■ **GOAL OF THE EXERCISE**
Copy everything in the records, character for character, except images.

**** LISTED RECORDS

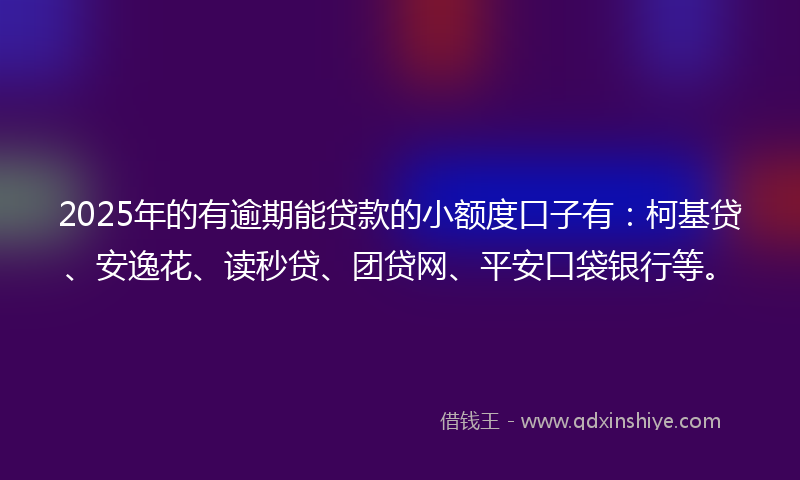 2025年的有逾期能贷款的小额度口子有：柯基贷、安逸花、读秒贷、团贷网、平安口袋银行等。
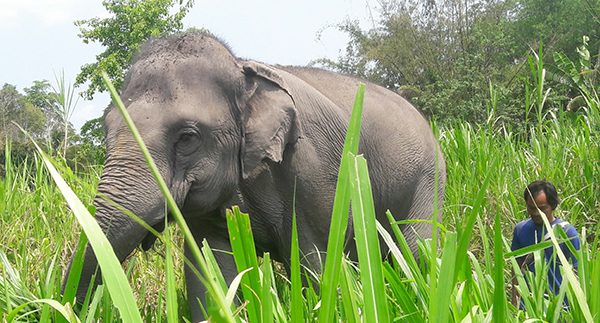 The beautiful elephant following by her mahout 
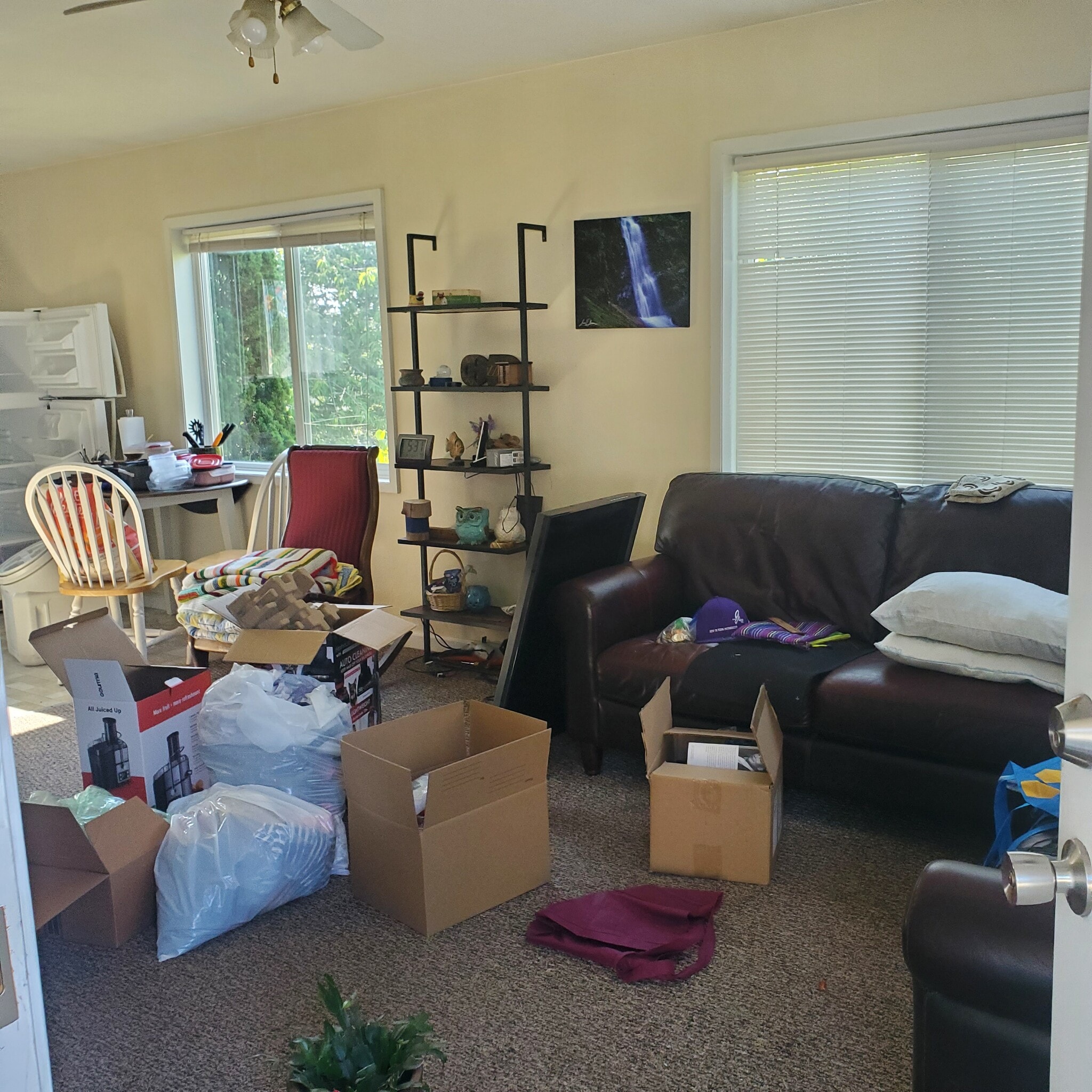 livingroom - 187 Ogle Ave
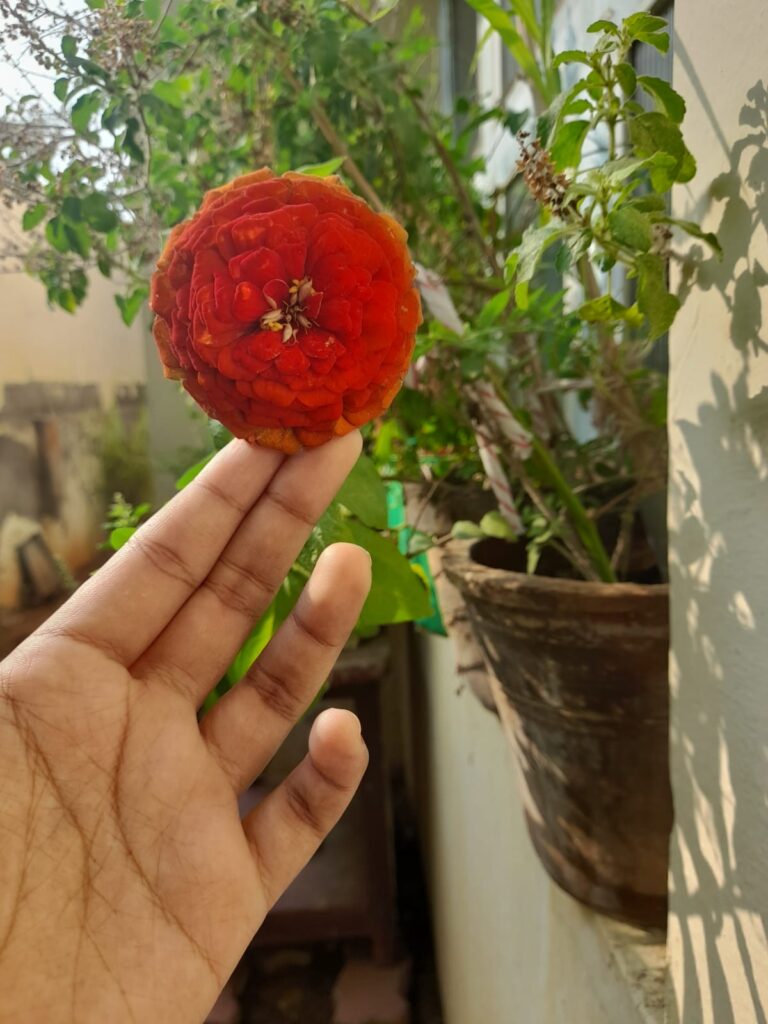 plant zinnia seeds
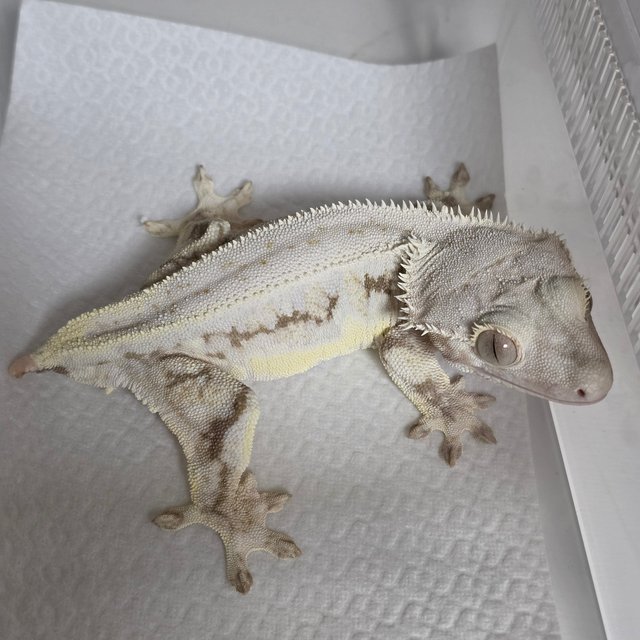 Lilly White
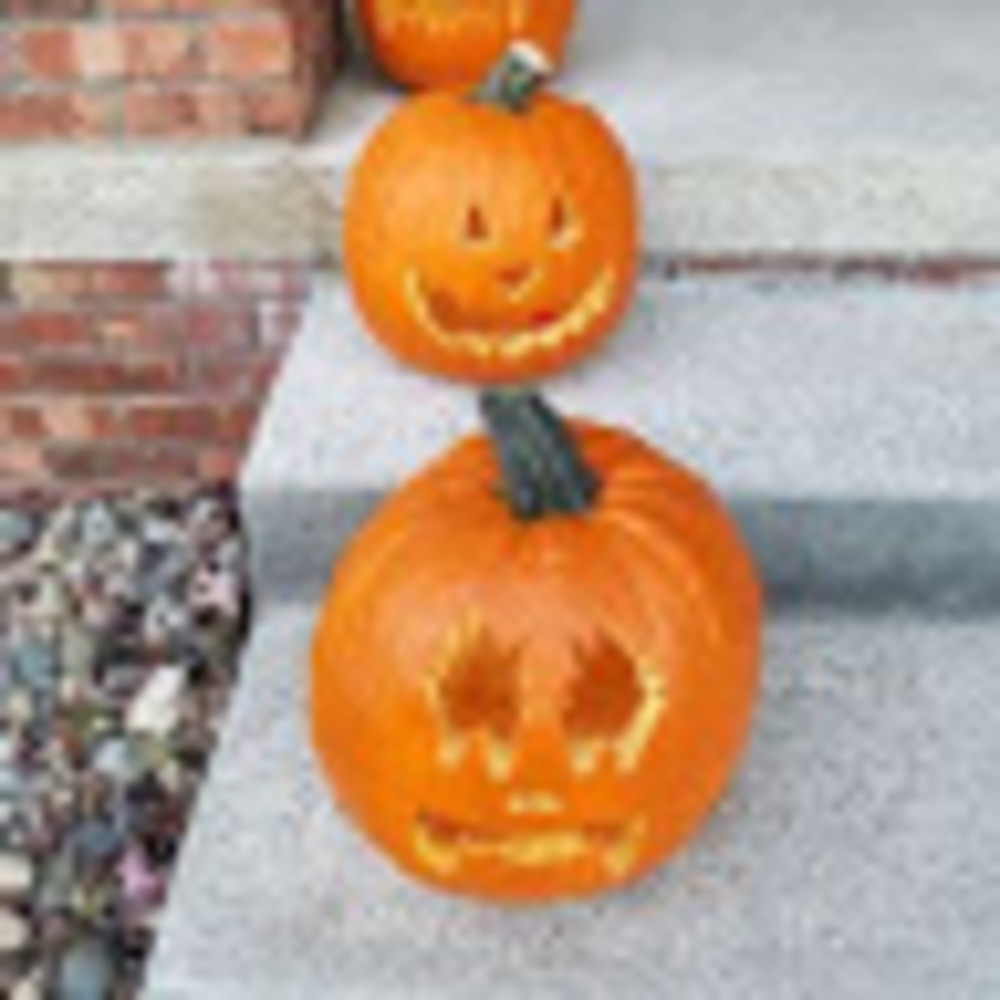 Meet your Posher, Mdredd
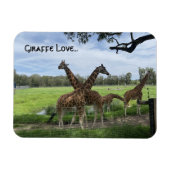 Giraffe Liebe...Magnet Magnet (Horizontal)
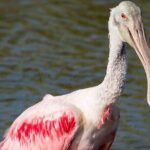 7 Hour Private Tour in Palo Verde National Park with Pickup - Authenticity and Practical Advice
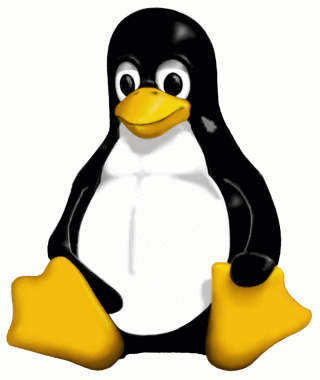 00092171-photo-linux-tux-logo-officiel.jpg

********

■ **RESPONSE**
 2025年的有逾期能贷款的小额度口子有：柯基贷、安逸花、读秒贷、团贷网、平安口袋银行等。
 The beautiful elephant following by her mahout 
 livingroom - 187 Ogle Ave
 plant zinnia seeds
 Lilly White
 Meet your Posher, Mdredd
 Giraffe Liebe...Magnet Magnet (Horizontal)
 7 Hour Private Tour in Palo Verde National Park with Pickup - Authenticity and Practical Advice
 00092171-photo-linux-tux-logo-officiel.jpg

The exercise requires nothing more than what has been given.